If you see someone selling arum lillies you must call City Law Enforcement on (021) 596 1400/1424
It is the start of Arum Lily season. A tiny endangered Arum Lily Micro Frog breeds inside the water and dew held in the cup of these Lilies. We are desperate to curtail the gross destruction of Lilies. Please don't buy Lilies sold at traffic intersections.
Would you please do a tiny bit, and just FWD this email?
As Spring was about to be sprung, this warning spread faster than frogs in breeding season. During August 2010, it began doing the e-mail rounds, and was then taken up by blogs and community web sites. The popular Urban Sprout blog reported on 12 August:
Arum lily season is here! You'll know this because at any number of lights around the city, some well-meaning chap will thrust a bunch at your window. And the temptation to buy these gorgeous flowers is enormous.
I've been aware that one shouldn't buy as they're being picked in the wild, destroying the natural balance of what remains of the natural wetlands, wild places and roadsides along which they grow (they're regarded as one of the wild flowers of the flower route and indicated in reports on the flowers).

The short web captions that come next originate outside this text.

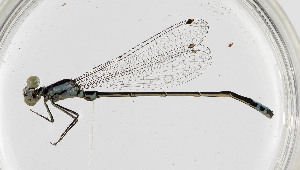  (Ischnura damula - CCDB-22802 G06)  @11 [ ] No Rights Reserved (2014) Cory Sheffield Royal Saskatchewan Museum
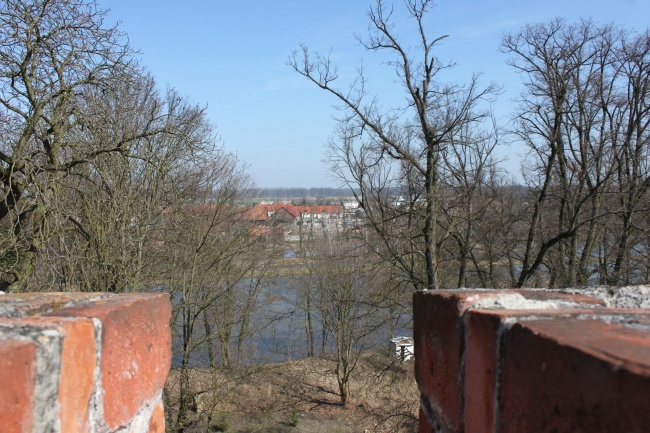 Pałac i park w Żmigrodzie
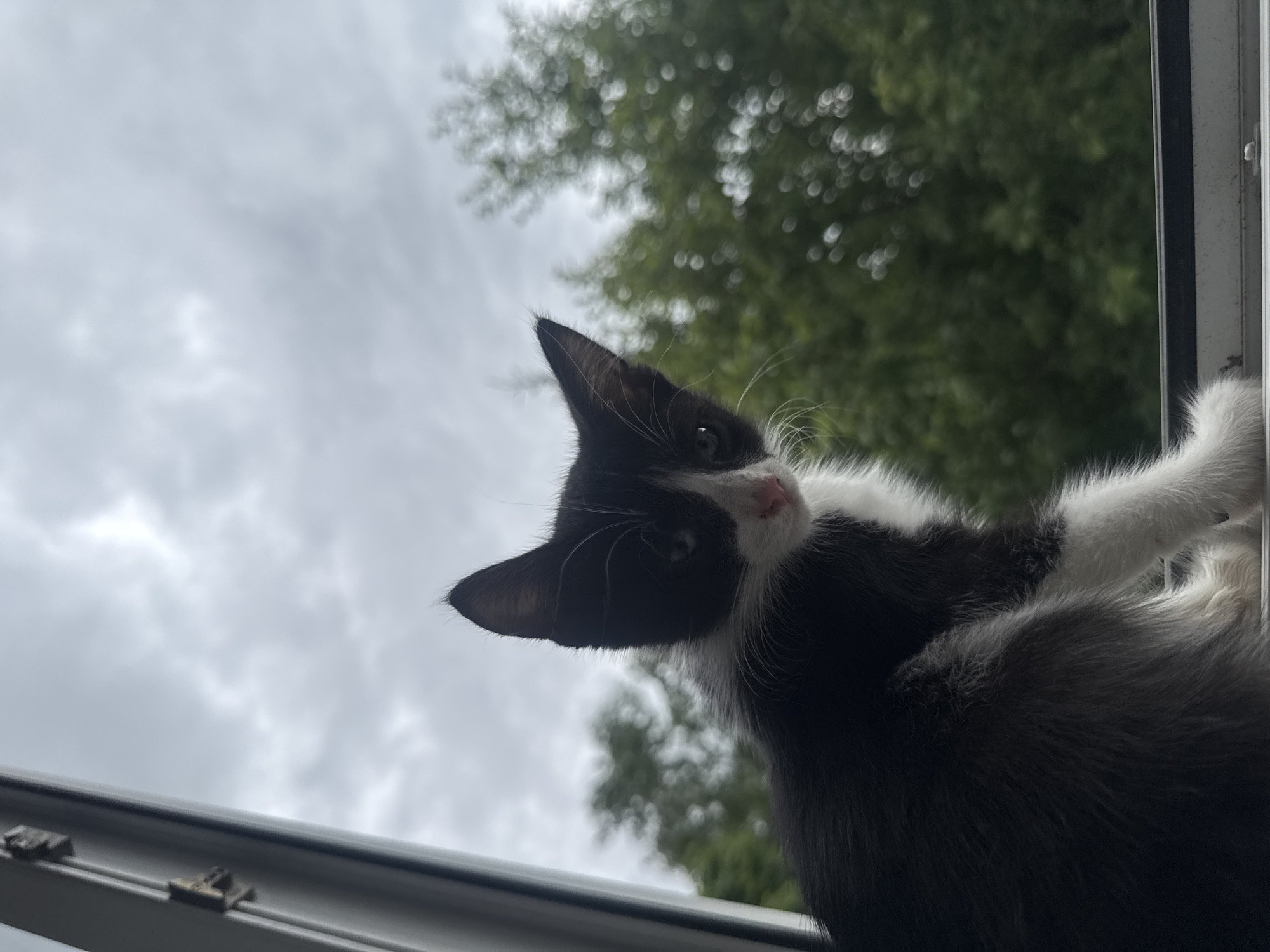 A low-angle, close-up shot features a black and white kitten peering from a window frame, its body mostly obscuring the view. The kitten's head is tilted, and its large, alert eyes are directed towards the camera. Its whiskers are prominent, and its pink nose stands out against its dark fur. The kitten's fur is fluffy and soft-looking, with distinct black and white markings. One of its front paws is visible, resting on the window frame.
The background is dominated by a cloudy, overcast sky, suggesting a muted or possibly rainy day. The upper portion of the image shows blurred green foliage, likely trees outside the window, out of focus and creating a soft, bokeh effect. The window frame itself is visible in the foreground, with visible hardware details. The perspective is from below the kitten, looking up, giving a sense of the kitten's dominance or perhaps its playful curiosity as it looks down. No text is visible in the image.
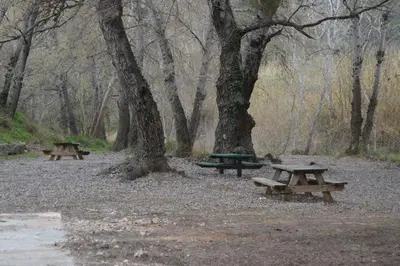 three picnic tables in a park with trees at Apartamento Casa Rafa in Navajas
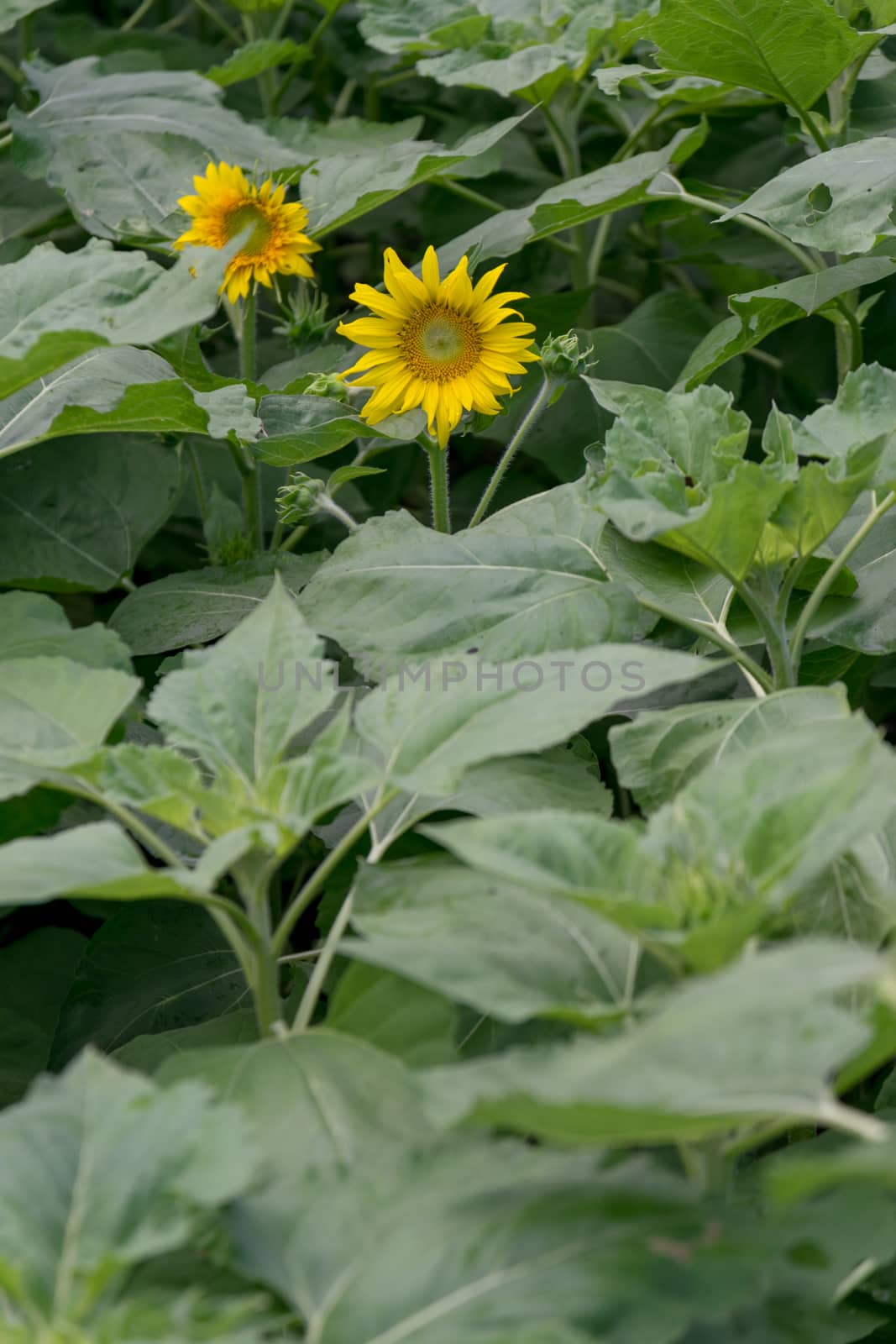 Beautiful sunflower in the garden.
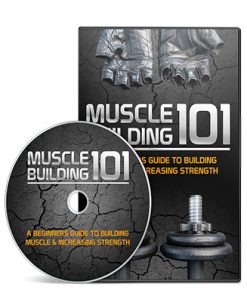 Muscle Building 101 Ebook and Videos MRR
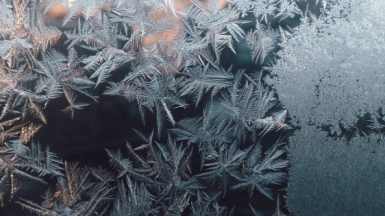 Фото: Kelly Sikkema, unsplash.com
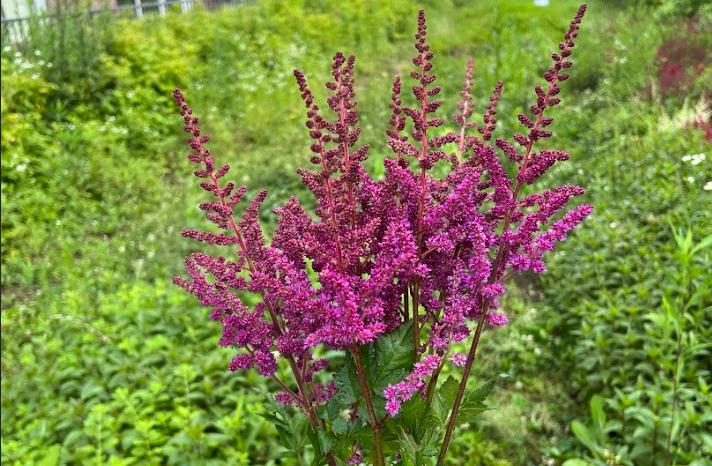 Astilbe: Visions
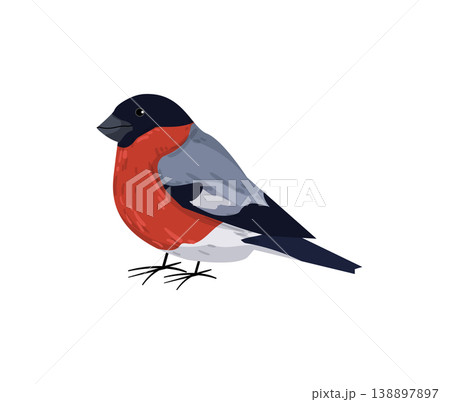 Red and Black Bullfinch Red and Black Bullfinch 138897897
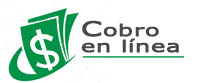 plataforma de cobros en linea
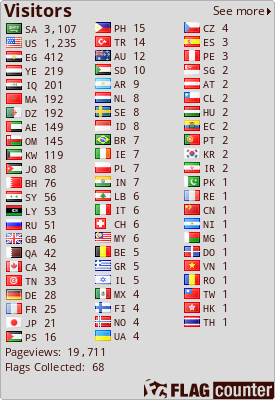 Flag Counter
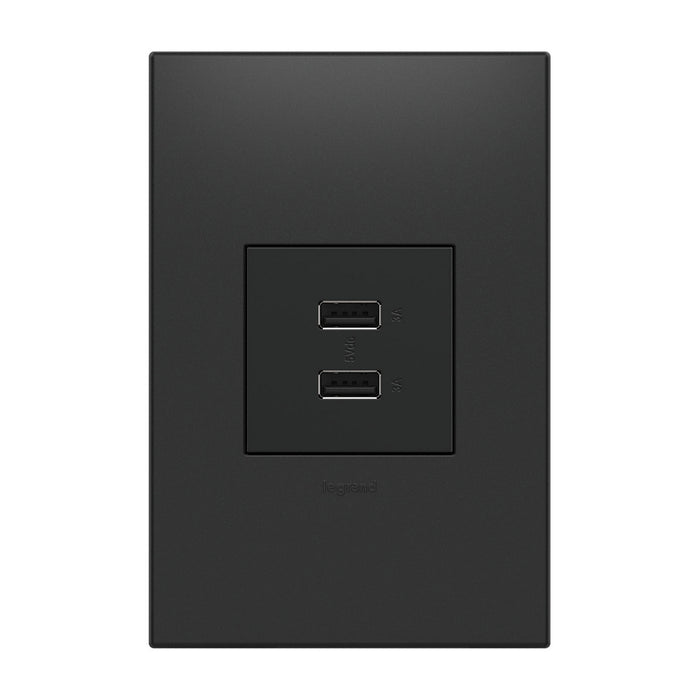 Legrand - ARUSB2AA6G4 - USB Type-A/A Outlet Module - Adorne - Graphite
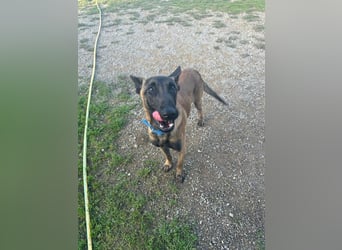 Salva, perfekter Malinois der einfach nur gefallen will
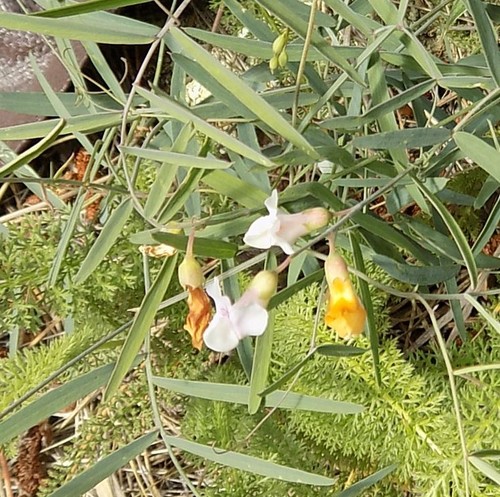 Image of Lathyrus graminifolius by no rights reserved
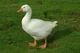 Goose 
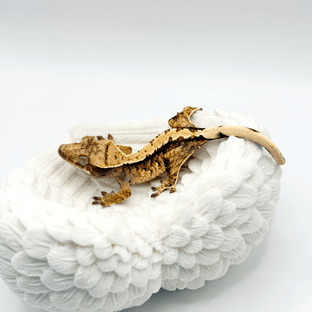 노멀 트라이 익스트림할리퀸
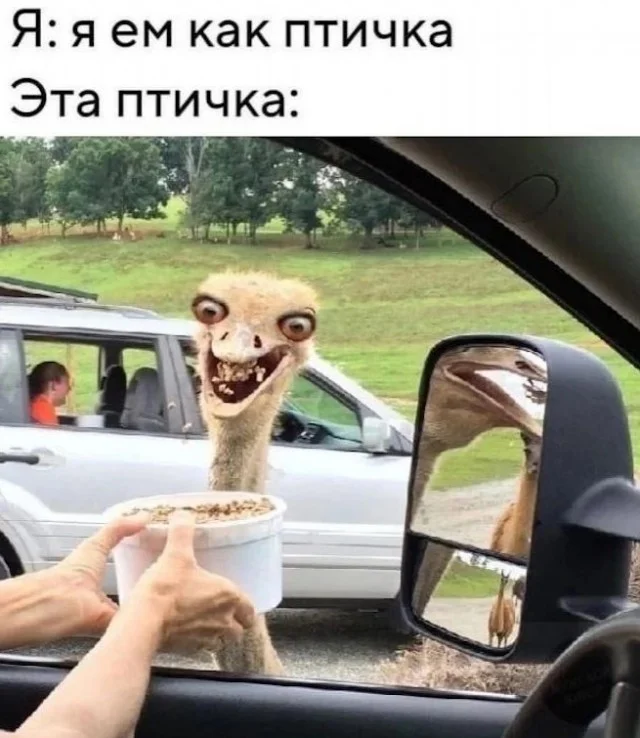 Мемный заряд: сборник свежих шуток к середине недели Мемный заряд: сборник свежих шуток к середине недели юмор, мемы, картинки, шутки, подборка, среда, приколы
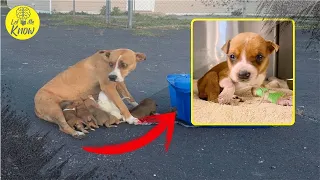 Mama Abandoned In a Parking Lot With 9 Newborn Puppies, Gets Another Chance In Life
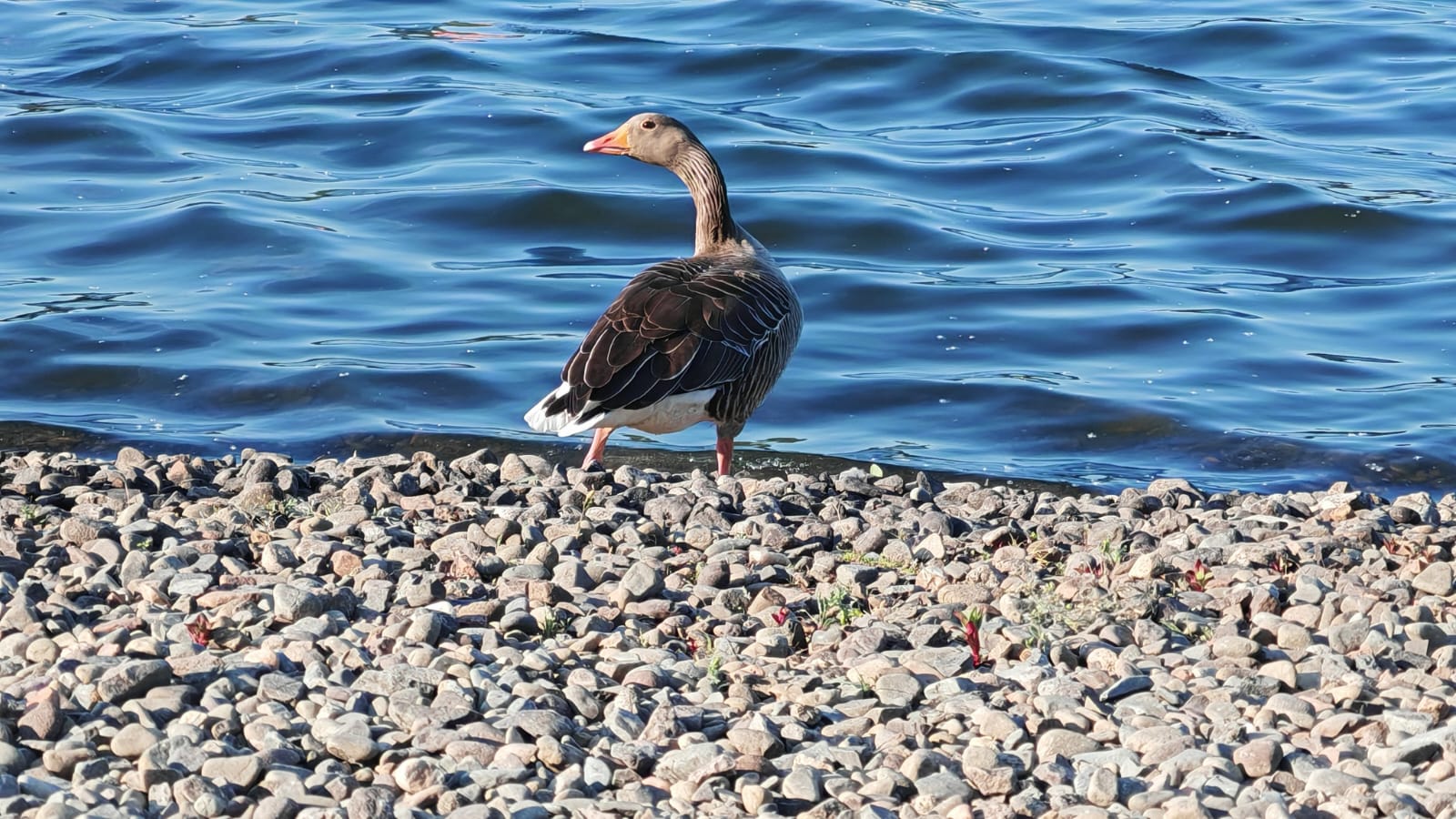 A 3X zoomed photo of a goose taken by the Honor 400 Pro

But what I didn't know is that the endangered arum lily micro frog breeds in the water and dew held in the cup of these lilies.
The Cape Tourist Guide Association came over all sentimental, headlining their version of the plea, "ARUM LILY Micro froggie – PLEASE". They then ran the exact text that went with the e-mail version quoted above, as well as this image that accompanied the e-mail:
The truly sad part about this plea is that the Arum Lily Micro Frog ... does ... not ... exist.
It is an urban legend, cobbled together from two distinct species of frog, the sprouting of flower sellers on the streets of Cape Town as spring approaches, and good old fashioned misinformation. Mix in the discovery of a new species of micro frog as the urban legend was spreading, and suddenly our inboxes were no longer safe from the amphibian invasion.
The City of Cape Town made a valiant effort to quell the legend, issuing a formal statement on 30 August, along with other relevant authorities, namely Cape Nature and the South African National Biodiversity Institute. It was a masterpiece of measured, balanced analysis, in classic urban legend debunking style, although it does not use the term "urban legend":
Setting the facts straight on arum lilies and frogs
The City of Cape Town’s Environmental Resource Management (ERM) Department has noted that inaccurate information is circulating about the sale of arum lilies, and the protection of two of the Cape’s amphibians, the arum lily frog and micro frog.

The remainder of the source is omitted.